Any of you know of good shampoos and conditioners that are weightless and no build-up, and make your hair feel clean? Yesterday I was searching, and I saw Dove. Anyone use Dove's Beautiful Clean shampoo? Or any other suggestions? Cuz what I'm using now, L'Oreal's Clean Shampoo(which they don't have in stores anymore, since they have those new products. Which I've tried. I didn't like them.), so I need some new ones! Any help would be great. Thanks!

-Rachael

I love the new look of the forums by the way


----------



## speerrituall1 (Sep 1, 2006)

Originally Posted by *CandRach2* /img/forum/go_quote.gif Any of you know of good shampoos and conditioners that are weightless and no build-up, and make your hair feel clean? Yesterday I was searching, and I saw Dove. Anyone use Dove's Beautiful Clean shampoo? Or any other suggestions? Cuz what I'm using now, L'Oreal's Clean Shampoo(which they don't have in stores anymore, since they have those new products. Which I've tried. I didn't like them.), so I need some new ones! Any help would be great. Thanks! -Rachael

I love the new look of the forums by the way





Have you tried Suave Daily Clarifying Shampoo. It's gentle enough to be used daily, cost around $1.29 and coupons are always circulating for .50 off. You can purchase it at drugstores.


----------



## han (Sep 1, 2006)

for drug store brands try aussie i love there 3 minute miracle deep(not the reg 3 minute miracle) its not heavy and it makes hair sooo soft smells good too i also like there reg shampoo and conditioners too oh i cant ever find the 3 minute miracle deep any where but wal-mart or grocery stores its like $2:99 drug stores never has it


----------



## Saja (Sep 1, 2006)

I love dove. They have really really helped my ubbbbber damaged hair.


----------



## dinokiss21 (Sep 3, 2006)

I use their advanced care shampoo, and I love the smell!! My hair is always soft and shiny!


----------



## CuTeLiCiOuS (Sep 3, 2006)

^ Where do u get that from?
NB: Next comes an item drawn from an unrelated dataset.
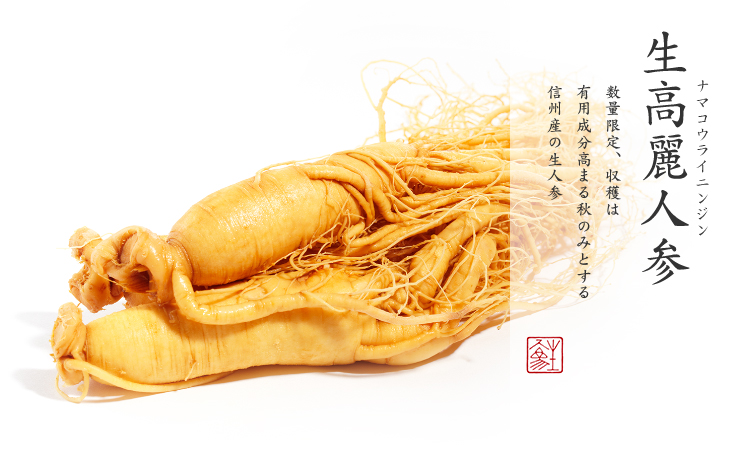 生高麗人参|数量限定、収穫は有用成分高まる秋のみとする信州産の生人参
You seem to have pretty hair =)

Humm I say Mane and Tail Shampoo and COndtioner original fourmula never wear the hair down

Umm also infusium Hydrating COndtiong Balm gives volume and conditoning but does not weigh the hair down

I have yet to find a good shampoo that hydrates the hair well without weighing it down or taking the volume down


----------



## dinokiss21 (Sep 3, 2006)

Originally Posted by *CuTeLiCiOuS* /img/forum/go_quote.gif ^ Where do u get that from? You seem to have pretty hair =)
Humm I say Mane and Tail Shampoo and COndtioner original fourmula never wear the hair down

Umm also infusium Hydrating COndtiong Balm gives volume and conditoning but does not weigh the hair down

I have yet to find a good shampoo that hydrates the hair well without weighing it down or taking the volume down


I use DOVE, sorry I didn't leave the name of the shampoo to my previous post. I get it from any retail store/ supermarket. Do you condition your roots??? That makes hair limp!!! I never condition roots, just midway down my hair and tips!


----------